Many enterprises establish multiple computing clusters in different regions for various reasons such as performance, security, stability, and resource isolation. These clusters require remote access to a centralized data storage center. For example, with the growing popularity of large language models, supporting multi-region inference services based on these models has become a necessity for many businesses. However, this specific scenario presents several challenges:
• Manual synchronization of data across data centers on multiple computing clusters, which is time-consuming.
• Complexity in managing large language models due to the large number of parameters and files. Different businesses choose different basic models and business data, resulting in different final models.

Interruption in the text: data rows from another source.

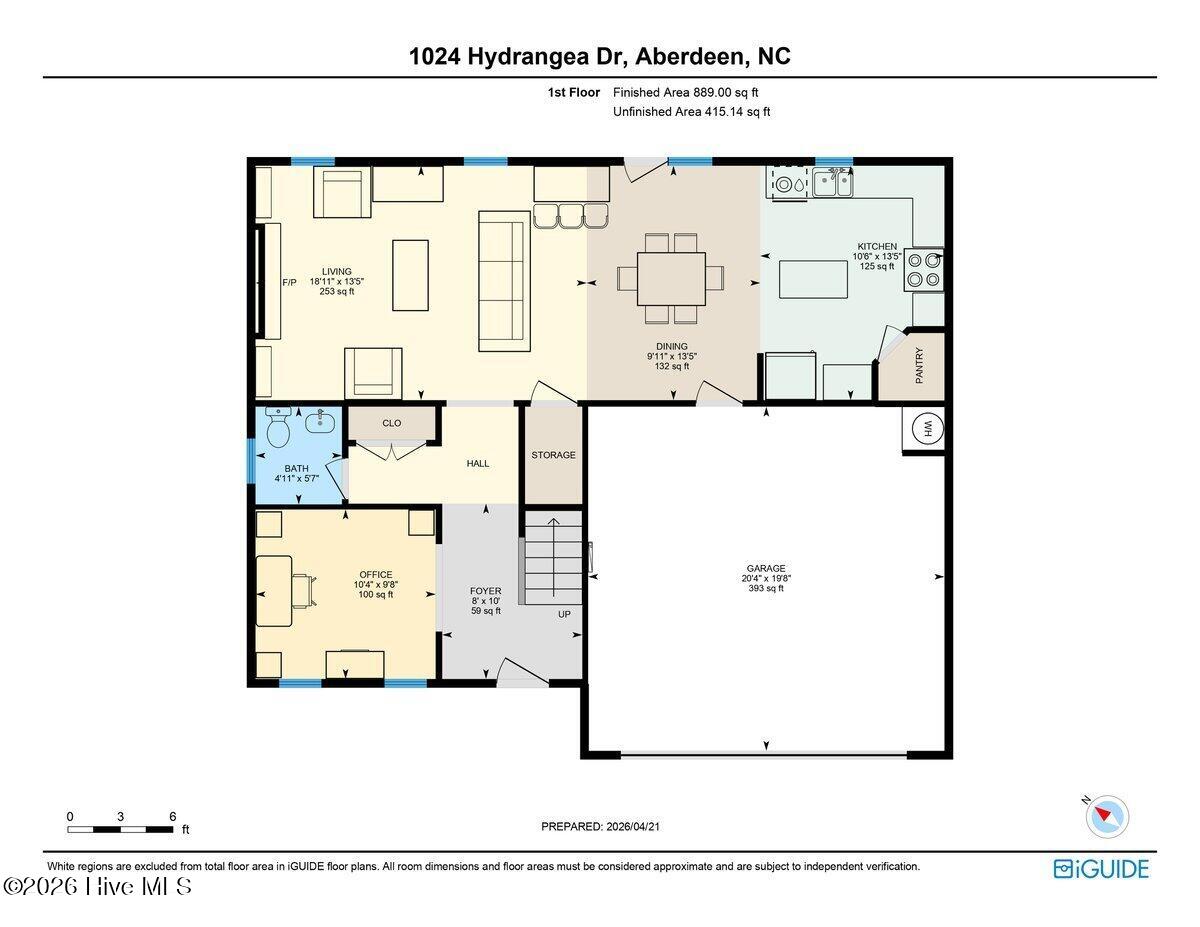 1024 Hydrangea Drive Aberdeen, NC 28315 - Photo 40 of 41 Floorplan2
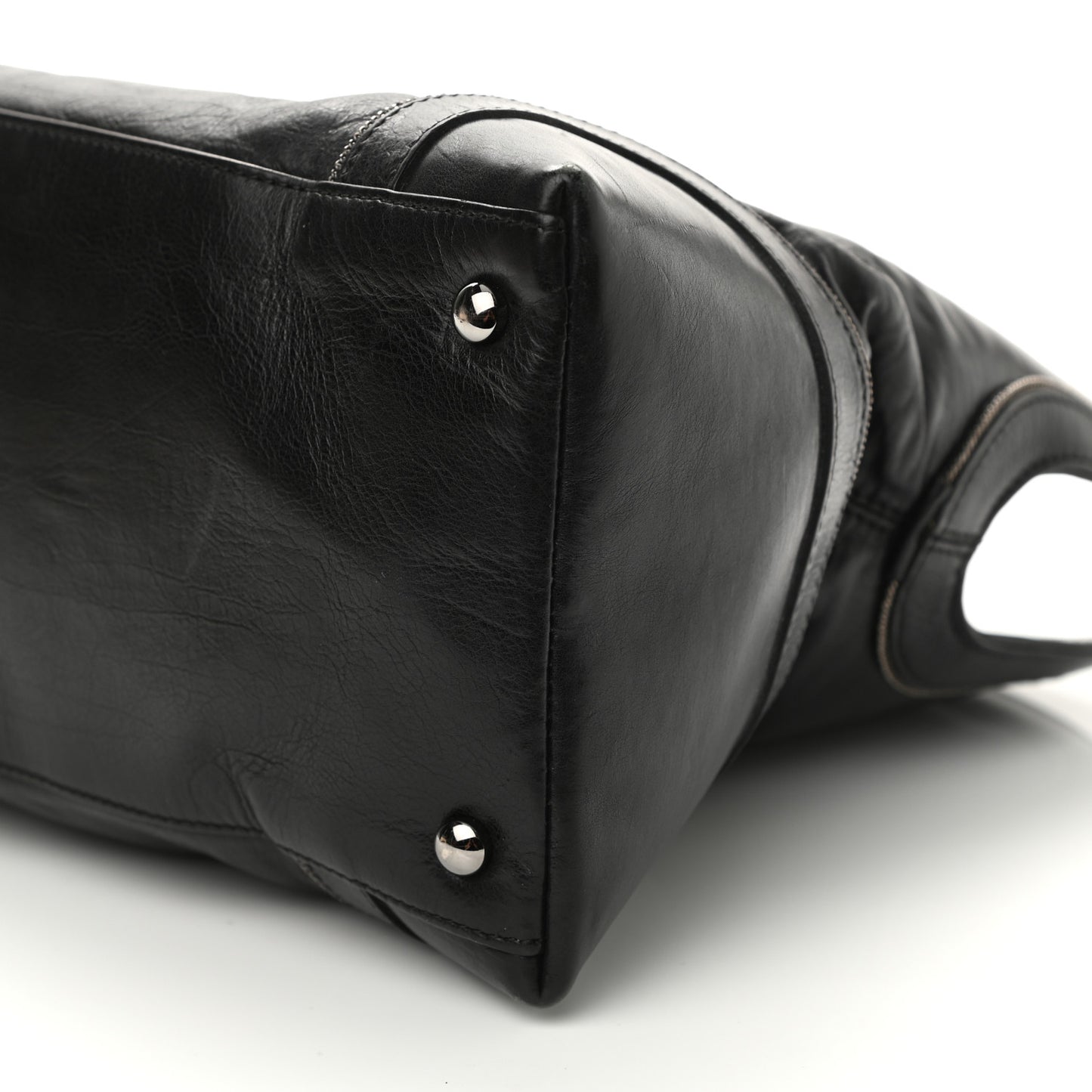 Lambskin East West Soho Shopper Black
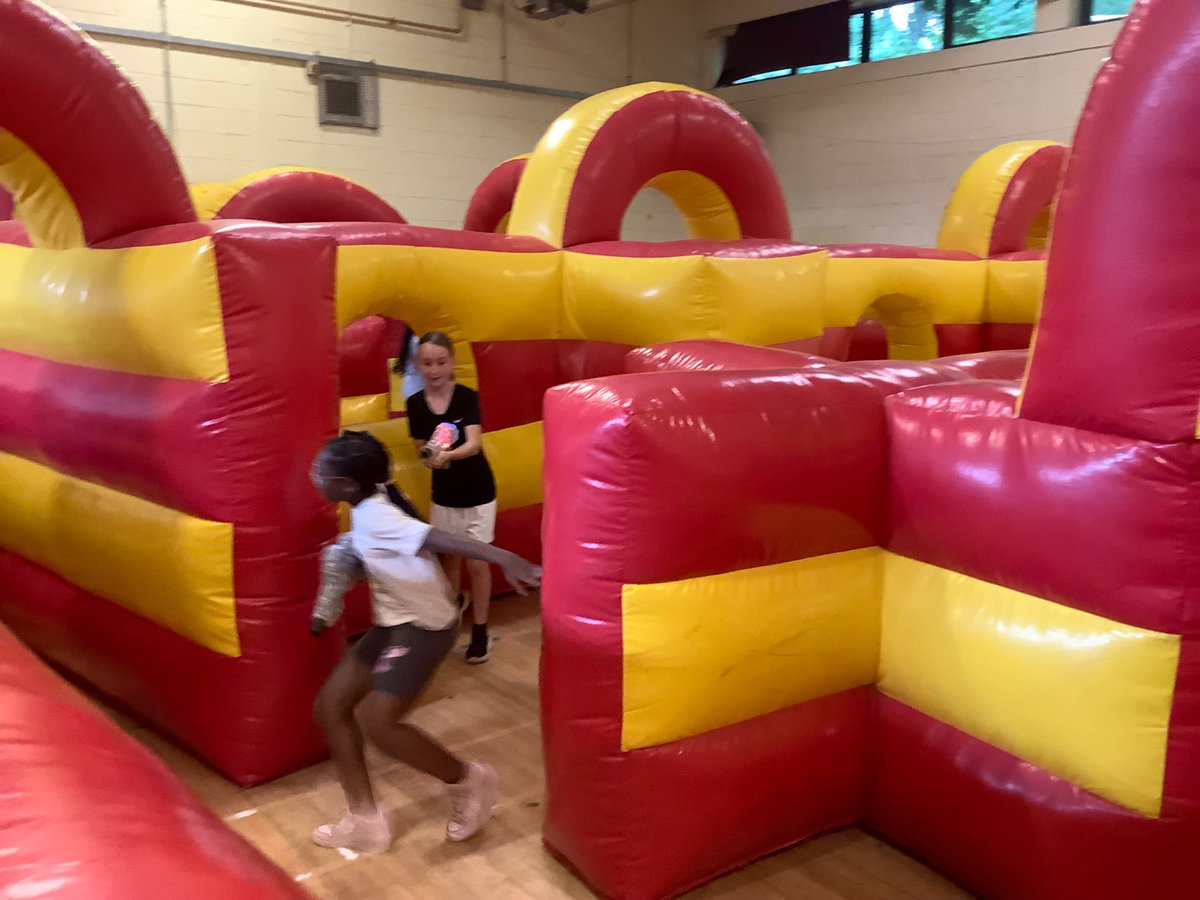 SSPP_Primary's tweet image. An afternoon spent up in the air with Aerial Trek - which allowed the children to show bravery and a great attitude. This was followed by Conquest - which allowed the children the chance to shoot lasers at each other. #Condover2025 #SSPP
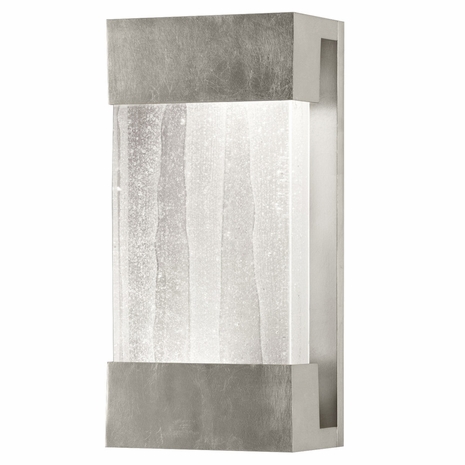 810850-33ST Fine Art Lamps 2 Light Crystal Bakehouse 14" Sconce with Silver Finish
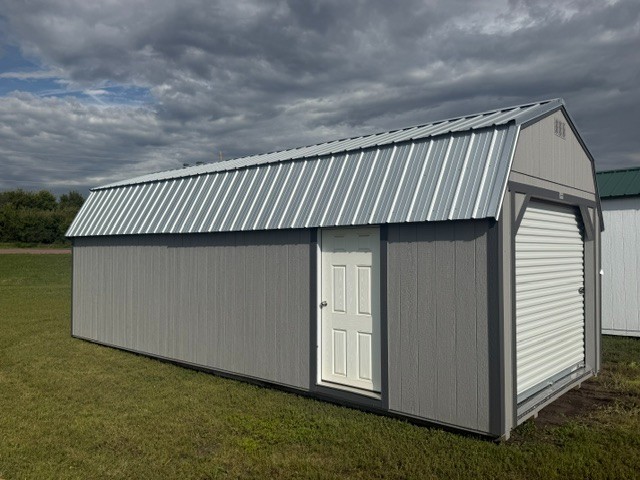 12X28 Lofted Barn W/9' Garage Package image 8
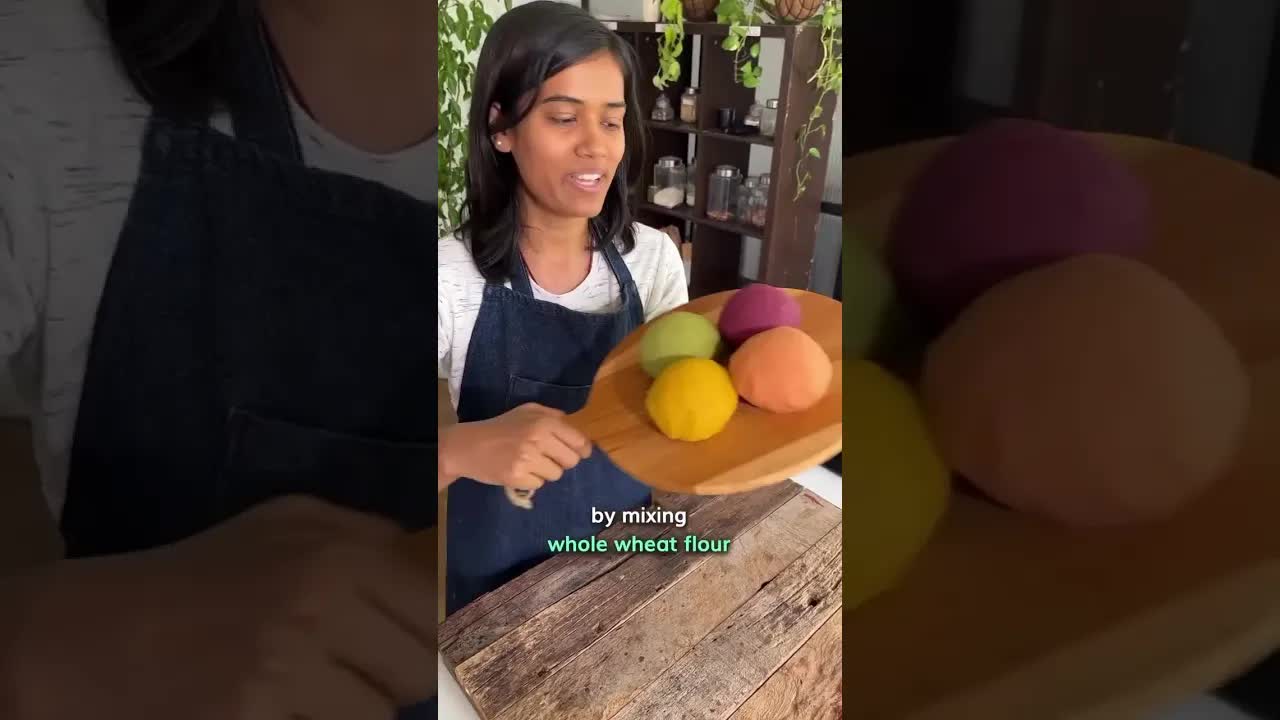 Healthy Whole Wheat Rainbow Momos Recipe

• Continuous and frequent updates of model data based on business inputs.
• Slow startup and file retrieval time for model inference services. Large language models have extensive parameter sizes, often in the hundreds of GBs, which leads to significant time consumption for pulling parameters into GPU memory and extremely long startup times.
• Synchronous updating of models across all regions, which negatively impacts the performance of an overloaded storage cluster.
In addition to the acceleration capabilities of common storage clients, ACK Fluid provides scheduled and triggered data migration and preheating capabilities to simplify data distribution.
• Reduce network and computing costs: Cross-region traffic costs are significantly reduced, computing time is shortened, and the cost of computing clusters is slightly increased. Furthermore, costs can be further reduced through elasticity.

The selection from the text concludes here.